When we were at the 16th katori, we genuinely started questioning if we were missing something. 

The idea of giving gifts is to think about the couple who’s going to host you for two days on average.  

The least you can do is actually gift them something they’d be happy to receive. At least something mildly thoughtful. When it comes to katoris, more thought was put into writing Race 3. 

If I’m in a forgiving mood, even a regular bowl somewhat makes sense. A bowl of lesser value can at least be used for chakna during drinking sessions; if it’s a serious misfit it can even happily don the role of designated ashtray. 

Now, what do I even do with this silver bowl? Using it as an ashtray would be like using an iPad as a fly-swatter. Putting bhujia in it would be like using an iPhone as a coaster. And just keeping it as a centrepiece would be like putting a MI phone cover on an iPhone. 

21 katoris down. This has now become a serious issue. What have people been smoking to think this would be an appropriate gift? 

Isse achha ‘my presence is a gift’ bol ke katt lete. 

On the 23rd and last katori amidst the occasional surprise of dinner sets and mixer-grinders, we finally decided we’re done thinking about this. We came to the conclusion that we’d just re-pack and stuff it in the attic and regift it to whichever wedding we decide to go last minute. 

Then it hit us! 

These poor souls were not at fault. They were just trying to get rid of something they themselves desperately wanted to discard. And the best way to do it was… you guessed it. Regifting! 

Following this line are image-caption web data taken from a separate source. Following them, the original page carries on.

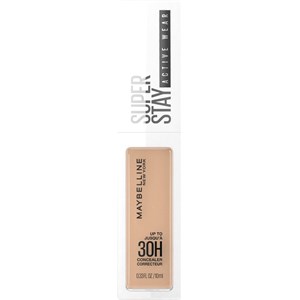 Maybelline New York - Correttore - Super Stay Active Wear Concealer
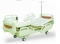 XH-2 Elektrinė ligoninės lova
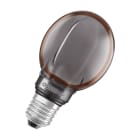 LEDVANCE - LDVLED846142 VINTAGE 1906 LED CLASSIC GLOBE O - SHAPE FILAMENT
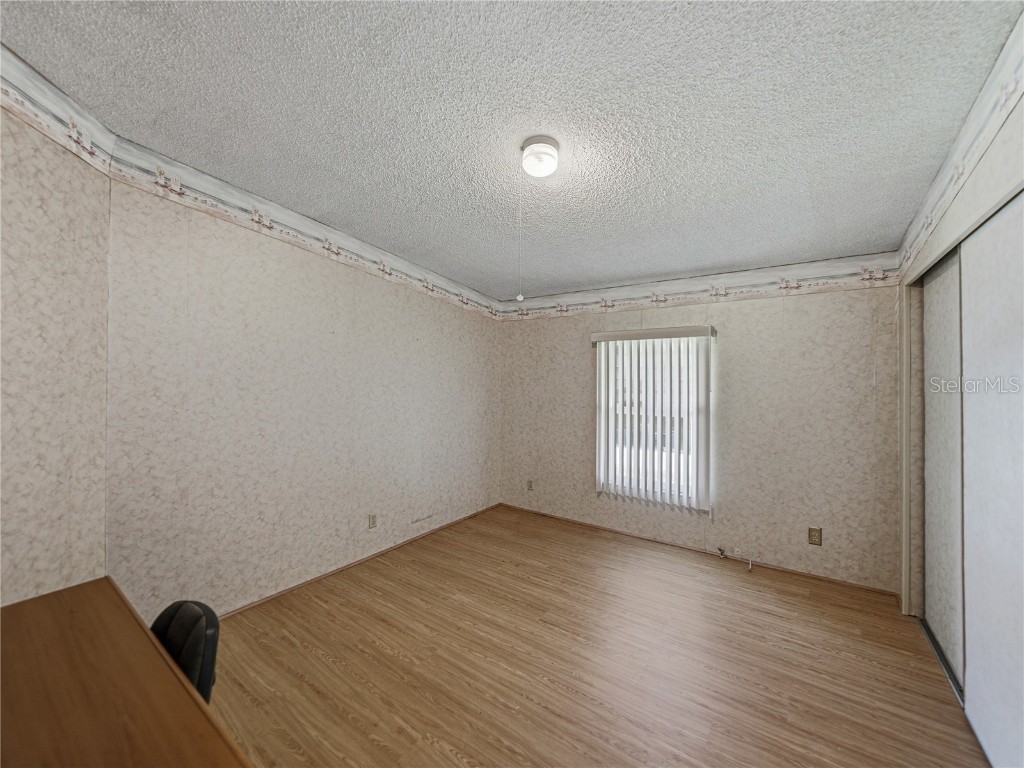 3822 Damian Drive Zephyrhills FL 33541 TB8441377 image31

While we’re not so forgiving about the zero thought put into our gift, we could actually empathise with the desperation of kicking out this poster-child of regifting.  

However, this needs to stop. These menacing katoris need to get out of circulation completely. And the only way to do it is to stop giving them as gifts altogether, at least to people whom you don’t hate. 

Put some real thought, FFS. Nahi toh cash hi de do, yaar.  

If you want an actual gift guide, watch this space, there’ll surely be one soon. From experience. After we’re done palming off all these useless AF things completely.